- Theatrical poster
- Directed by: Pritchett Cotten
- Written by: Pritchett Cotten
- Produced by: Luke Livingston, Beverly Zaslow
- Edited by: Matthew Perdie Pritchett Cotten
- Production company: Ground Floor Video
- Distributed by: Rocky Mountain Pictures
- Release dates: January 13, 2012 (Los Angeles premiere); July 27, 2012 (United States);
- Running time: 108 minutes
- Country: United States
- Language: English

= Runaway Slave (film) =

Runaway Slave is an American independent political documentary hosted by Baptist minister C.L. Bryant, who hosts a nightly talk show over KEEL radio in his native Shreveport, Louisiana. The film premiered in Los Angeles on January 13, 2012. The film expresses Rev. Bryant's belief that the African-American community, "has traded one form of tyranny for another" by "buying into the entitlement mindset of Progressives."

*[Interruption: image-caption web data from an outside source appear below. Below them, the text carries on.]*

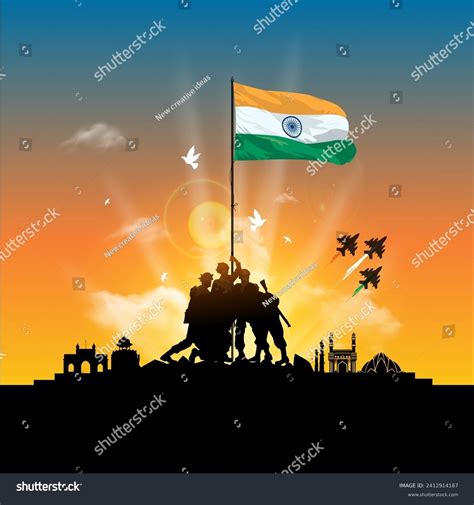 Republic Day India Indian Army Holding Stock Vector (Royalty Free ...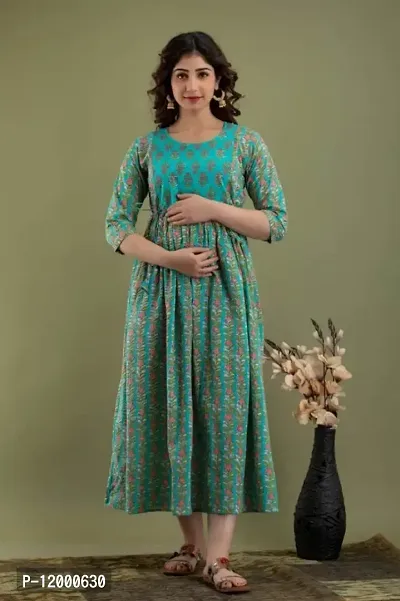 Womens Floral Printed Cotton Maternity Anarkali Kurti Gown for Women-thumb0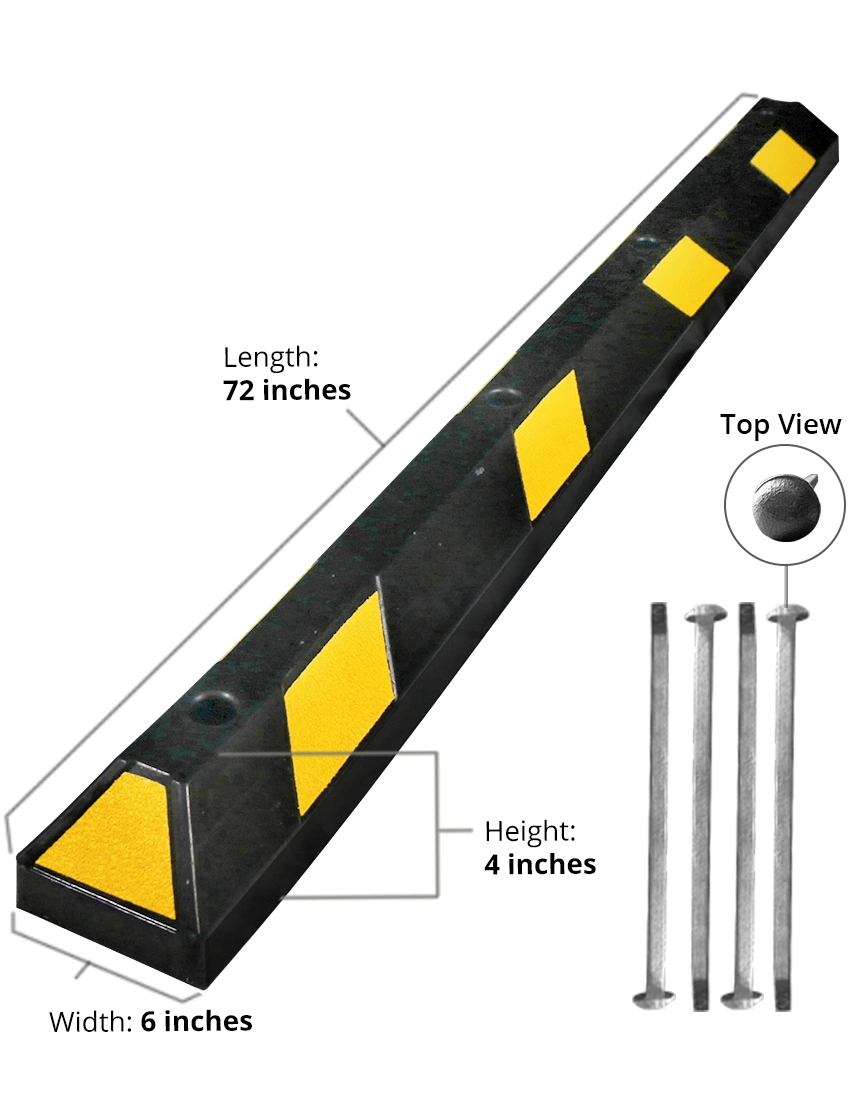 6\u0027 Yellow Rubber Parking Block w/four 12\" Galvanized Steel Spikes
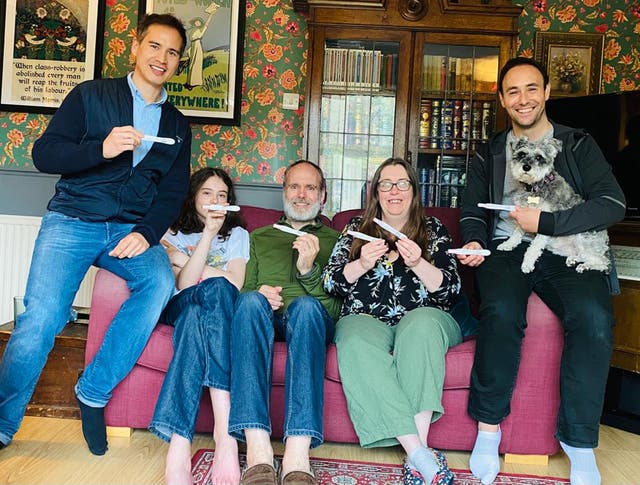 Dawn’s family, Aled and Emile celebrating her positive pregnancy test (Collect/PA Real Life)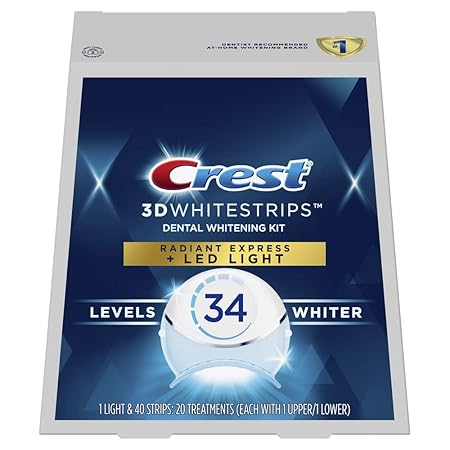 Crest 3D Whitestrips Radiant Express Plus Light, Crest With LED Accelerator Light, Teeth Whitening Strip Kit, 40 Strips (20 Count Pack), Crest Teeth Whitening Strips with Light, Teeth Whitening Kit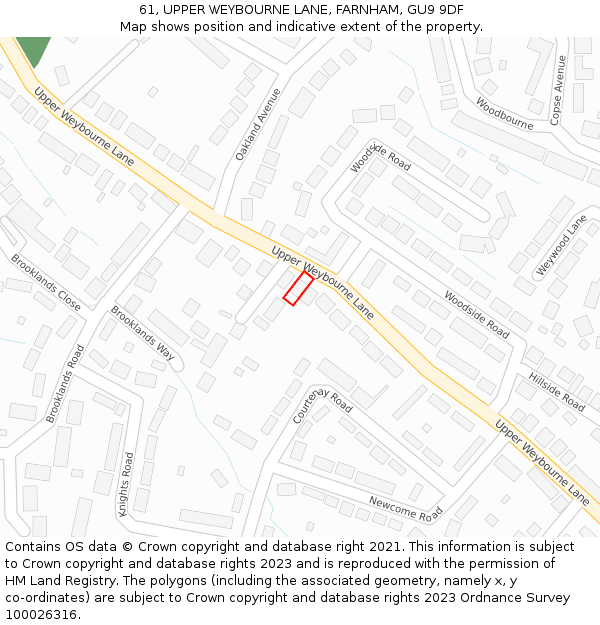 61, UPPER WEYBOURNE LANE, FARNHAM, GU9 9DF: Location map and indicative extent of plot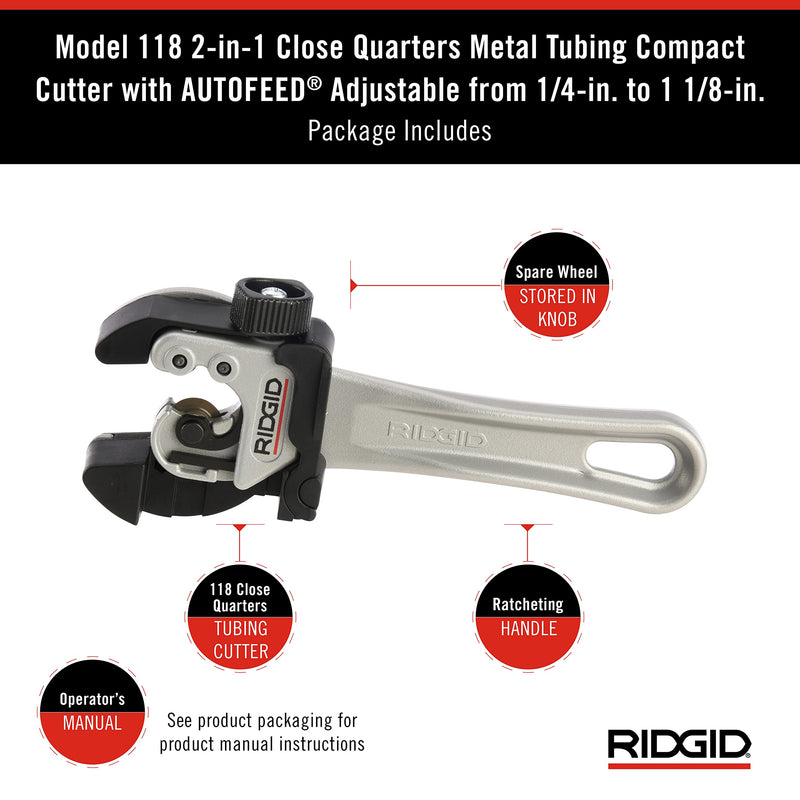 RIDGID 32573 Model 118 2-in-1 Close Quarters Tubing Cutter for 1/4" to 1-1/8" Copper, Brass, and Aluminum Tubing, Compact tubing cutter with AUTOFEED 13 x 6.75 x 2 inches Pliers
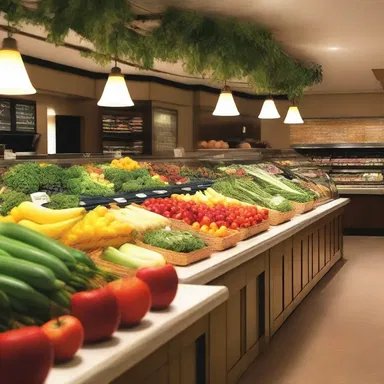 The restaurant's interior design featured a beautiful display of fresh produce, creating an appetising ambiance.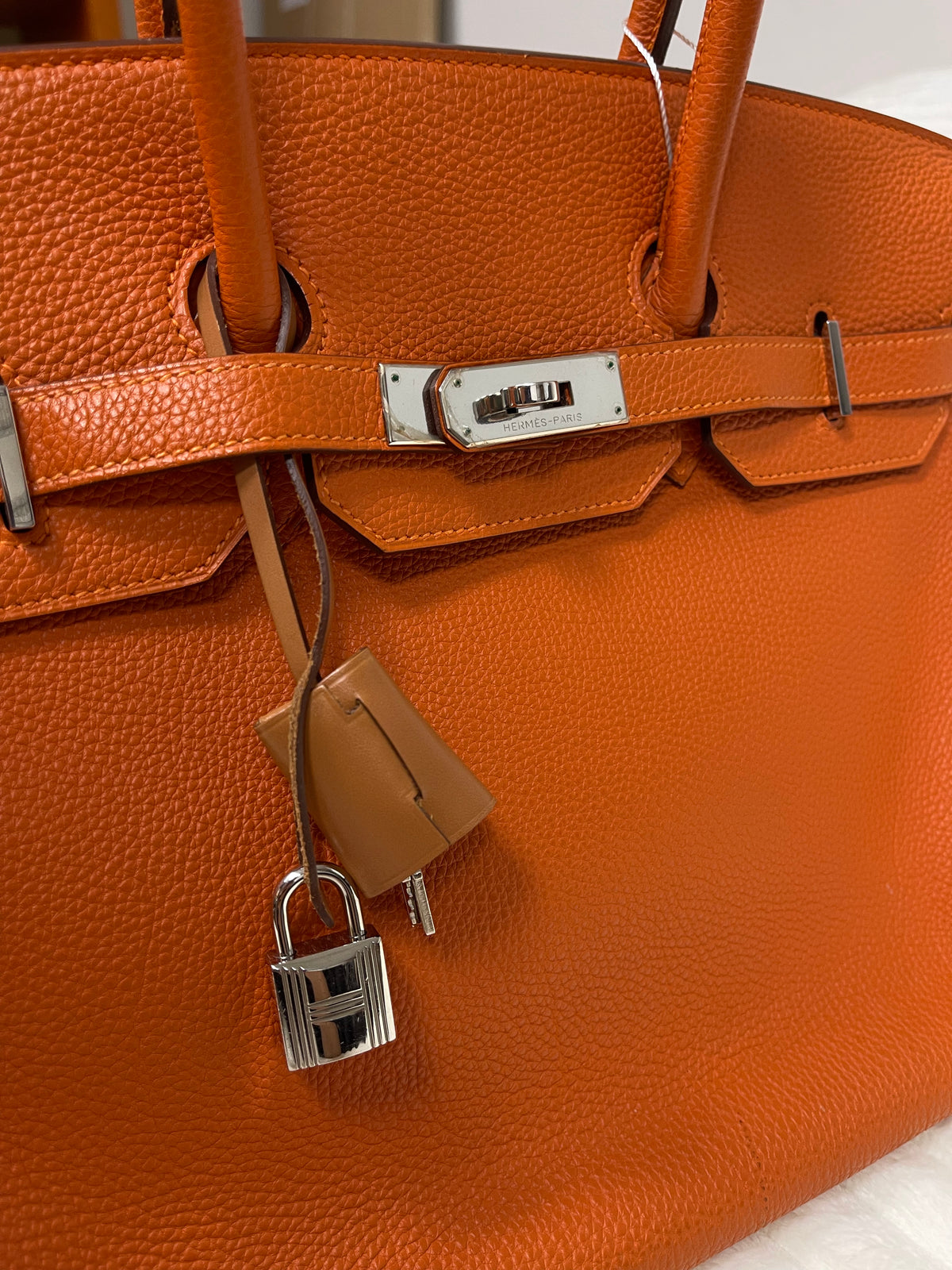 Birkin Handbag Orange H Togo with Silver Hardware 30
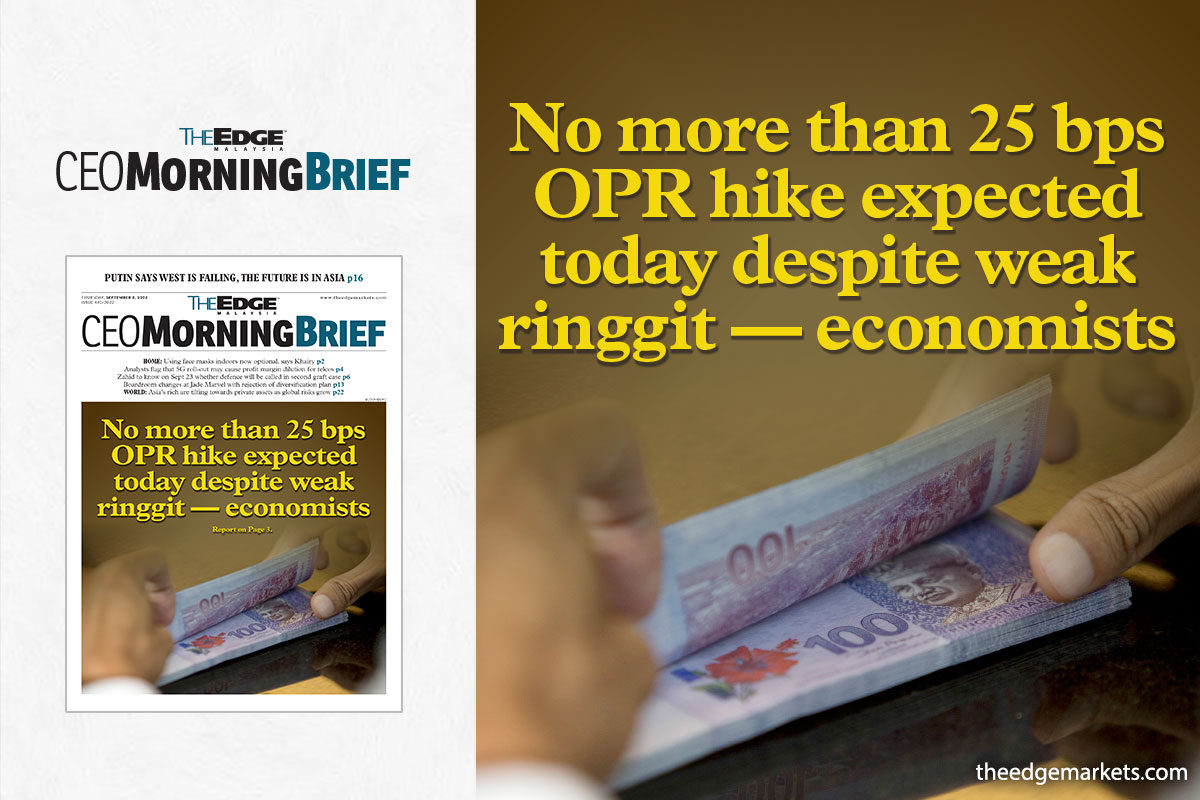 No more than 25 bps OPR hike expected on Thursday despite weak ringgit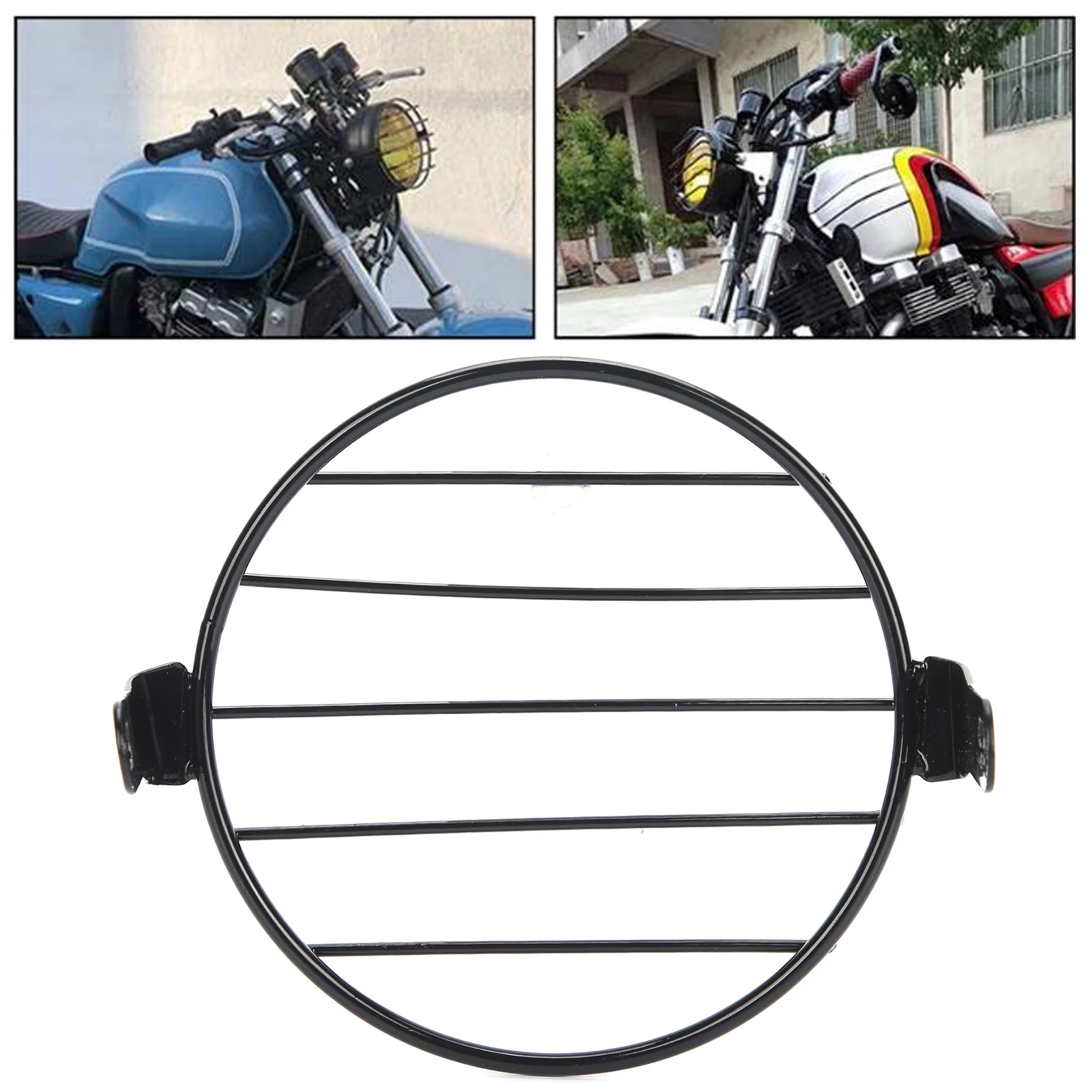 Cubierta Universal para parrilla de faro de motocicleta, protector de 6,5 pulgadas para Cruisers, Choppers, Cafe Racers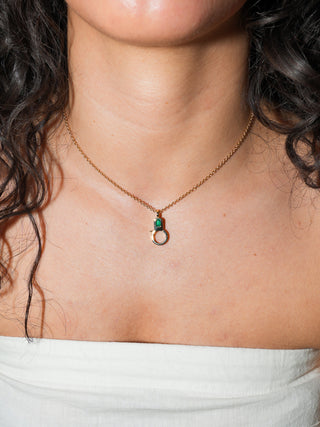 Emerald Lobby Clasp in Yellow 14k Gold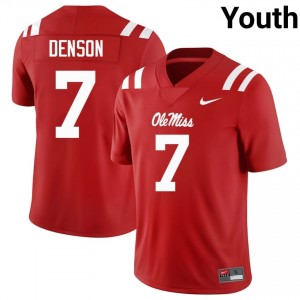 Red Sharif Denson #7 Ole Miss Rebels Jersey | Youth High School Football Moisture Wicking Stitch 55517879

The film, directed by Pritchett Cotten, is backed by the FreedomWorks Foundation.

==Premise==
The film follows Rev. C.L. Bryant as he travels across the United States and speaks with members of the African-American community, various conservative leaders, and different public faces about the belief that the African-American community is immersed in a welfare state and prevented from being successful on their own. Andrew Breitbart, Glenn Beck, Herman Cain and Rep. Allen West are among the notable figures featured in the film who offer their insight and opinion into the topic.